Despite the Street's harrumph, Green refuses to manage for the short term. He contends that demand for satellite technology, whether in cars or pocket devices, is bound to hit new heights. Do the math, he says. This year in Western Europe and North America, roughly 35 million cars will be sold. But the market for portable devices--from cell phones to pocket-size navigation tools--will total more than 315 million units. The turnover in this market is rapid, and in coming years, most of the new models will include location capability. Right now about 12% of vehicles have navigation systems, compared with only 1% of handheld devices.
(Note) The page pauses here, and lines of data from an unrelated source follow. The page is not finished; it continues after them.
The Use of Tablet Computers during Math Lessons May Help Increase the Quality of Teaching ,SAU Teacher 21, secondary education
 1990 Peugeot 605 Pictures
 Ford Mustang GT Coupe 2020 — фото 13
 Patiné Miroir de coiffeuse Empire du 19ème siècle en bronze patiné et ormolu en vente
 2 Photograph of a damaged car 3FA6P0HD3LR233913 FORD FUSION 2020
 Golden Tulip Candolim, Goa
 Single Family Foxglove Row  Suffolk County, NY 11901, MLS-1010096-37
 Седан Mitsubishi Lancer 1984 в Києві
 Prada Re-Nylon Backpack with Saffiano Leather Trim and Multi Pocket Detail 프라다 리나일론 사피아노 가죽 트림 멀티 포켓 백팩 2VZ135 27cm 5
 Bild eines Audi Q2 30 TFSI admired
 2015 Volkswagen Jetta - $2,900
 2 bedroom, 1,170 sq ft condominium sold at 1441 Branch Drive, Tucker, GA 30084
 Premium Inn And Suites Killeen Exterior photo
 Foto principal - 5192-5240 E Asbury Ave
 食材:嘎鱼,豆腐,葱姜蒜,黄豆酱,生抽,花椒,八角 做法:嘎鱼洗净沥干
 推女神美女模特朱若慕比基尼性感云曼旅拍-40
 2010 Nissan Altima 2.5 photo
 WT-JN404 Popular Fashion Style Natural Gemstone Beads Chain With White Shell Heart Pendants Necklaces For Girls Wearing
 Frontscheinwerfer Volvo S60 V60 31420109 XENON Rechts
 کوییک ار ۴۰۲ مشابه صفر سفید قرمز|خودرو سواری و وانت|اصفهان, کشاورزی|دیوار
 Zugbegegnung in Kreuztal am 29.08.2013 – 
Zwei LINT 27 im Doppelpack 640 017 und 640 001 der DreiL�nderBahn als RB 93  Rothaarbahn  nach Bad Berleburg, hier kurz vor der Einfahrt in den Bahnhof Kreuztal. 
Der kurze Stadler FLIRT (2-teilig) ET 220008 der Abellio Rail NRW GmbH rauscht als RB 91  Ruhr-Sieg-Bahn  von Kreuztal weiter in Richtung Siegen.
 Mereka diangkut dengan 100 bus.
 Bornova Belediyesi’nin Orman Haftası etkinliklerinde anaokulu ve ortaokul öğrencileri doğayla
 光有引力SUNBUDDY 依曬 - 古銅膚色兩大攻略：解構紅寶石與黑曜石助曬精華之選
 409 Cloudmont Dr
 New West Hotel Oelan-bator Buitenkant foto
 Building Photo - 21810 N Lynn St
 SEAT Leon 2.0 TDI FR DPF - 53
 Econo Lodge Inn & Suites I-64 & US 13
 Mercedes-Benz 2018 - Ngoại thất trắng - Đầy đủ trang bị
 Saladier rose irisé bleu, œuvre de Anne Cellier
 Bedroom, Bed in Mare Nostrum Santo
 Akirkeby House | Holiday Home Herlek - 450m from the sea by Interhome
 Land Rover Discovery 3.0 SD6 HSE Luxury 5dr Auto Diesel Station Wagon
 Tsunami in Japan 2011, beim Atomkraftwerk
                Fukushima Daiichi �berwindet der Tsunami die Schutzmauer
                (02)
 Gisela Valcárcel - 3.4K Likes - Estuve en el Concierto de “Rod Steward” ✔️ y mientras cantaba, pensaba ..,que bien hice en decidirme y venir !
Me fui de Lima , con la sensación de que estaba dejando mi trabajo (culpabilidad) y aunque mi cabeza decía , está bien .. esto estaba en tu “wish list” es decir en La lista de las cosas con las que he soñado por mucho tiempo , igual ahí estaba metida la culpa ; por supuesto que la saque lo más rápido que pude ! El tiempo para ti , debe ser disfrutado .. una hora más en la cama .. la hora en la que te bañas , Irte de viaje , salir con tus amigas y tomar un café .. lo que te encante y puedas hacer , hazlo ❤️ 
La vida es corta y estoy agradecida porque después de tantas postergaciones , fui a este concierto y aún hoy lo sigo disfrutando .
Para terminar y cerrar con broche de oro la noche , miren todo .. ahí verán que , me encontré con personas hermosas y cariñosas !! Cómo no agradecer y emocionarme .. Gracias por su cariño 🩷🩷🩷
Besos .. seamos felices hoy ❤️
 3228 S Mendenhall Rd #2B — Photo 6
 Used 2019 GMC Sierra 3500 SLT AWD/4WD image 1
Thinking of tomorrow's households, "I'm imagining [location services] on both cars, all their cell phones, and even on their digital cameras, iPods, and games," Green says.
Navteq is leaving its mark on every form of technology suitable to location services. Ever use MapQuest or Google (GOOG) to get directions? Or maybe you bought one of the nearly 15 million handheld navigation devices sold worldwide this year. Navteq now owns the Internet mapping market with roughly a 95% share and splits the handheld market with European rival Tele Atlas. And it sells more map data to makers of handheld devices (1.5 million in the second quarter) than to makers of navigation-equipped vehicles (1 million). On a dollar basis, cars and trucks made up 100% of Navteq's revenue in 2000. This year the ratio has slipped to 70%, and Green figures it will barely reach 50% in 2008. Meanwhile, revenue growth from handhelds year-over-year is expected to double, while it will be lucky to hit 15% in the auto market.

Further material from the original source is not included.